There are many essential ways to improve your AdWords account’s performance, but one of my favorites is ad testing. When I review people’s existing AdWords accounts, one of the most common bad habits I see is running just one ad per Ad Group. This is a missed opportunity. You’re losing revenue and ROI by not testing ads.

Ad Testing has huge benefits for the advertiser:

  • Discover scientifically which offer gets the best response from your prospects
  • Increase CTR and quality score
  • Increase conversion rates
  • Improve your ROI
  • Outshine your competitors

Once you decide to start running more than one ad per Ad Group, you might ask:

  • How many ads should I run?
  • How long should I run them?
  • Should I test offers or copy changes first?

In this post, I’m going to answer the first two questions-

How many ads should you test and for how long should you run them?

It depends on your click volume: how many clicks your ad group gets per month. Each keyword gets a different numbers of searches per month, so each Ad Group gets a different number of searches per month.

Let’s look at an example:

adgroupclicks

This is one month of clicks per ad group in one of our client’s PPC accounts. Ad Group names are blurred out to protect our client’s competitive advantages. But you can see that clicks per month range from as low as zero, seven, or 22 to as high as almost 13,000.

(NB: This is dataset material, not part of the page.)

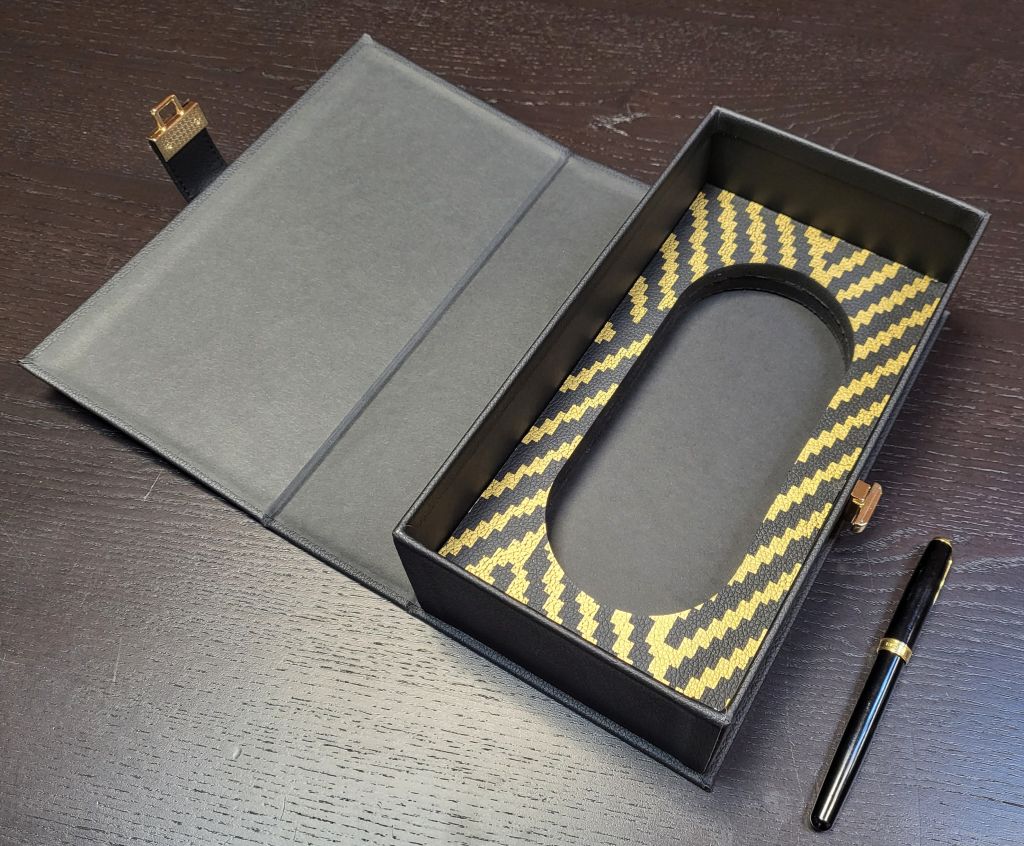 6134 Cutie piele cu 6527insert bureteiqos-3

Calculating The Number of Ads to Run Based on Click Volume

Generally speaking, I like to see 100 clicks per ad before I compare their CTR to decide which to keep. If you want to test your ads monthly, then all you need to do is divide the number of clicks per month by 100, and that tells you the maximum number of ads you should run per month.

# of ads to run = # of clicks per month / 100

For the ad group that gets 300 clicks per month, you can run three ads. For the one that gets 12,700 clicks per month, you can run 120 ads. That’s a lot of ads. I normally test from two to five ads at a time. If you want to run 120 ads, that’s going to take a lot more creativity and planning, but it might be the right move in some cases.

If you want to be more aggressive but less sure of your data, you can judge ads after only 50 or 75 clicks.

You can also calculate how expensive your tests will be:

Avg CPC * 200 = Minumum cost to test two ads

Don’t freak out about spending $500 to test two ads. You would spend the $500 anyway- the question is whether you come out learning something that will improve your results going forward. It’s typical to find ads that produce 2-5 times the ROI of others. That $500 you spent and the time you spent doing ad testing could easily increase your profit by $1500 the next month.

How Not to Screw Up Your Ad Testing

It’s best if other things are NOT optimized at this time. If you add or remove keywords from the ad group in the middle of the month, this will affect your ad’s statistics. Some ads might work better with the set of keywords before you changed them, and some work better with the modified set. This creates a confusion and divides your ad testing into two more tests- do you get enough clicks monthly to do that? Planning what’s going to be tested ahead of time and not changing things willy nilly makes for less headaches later when you try to understand the results.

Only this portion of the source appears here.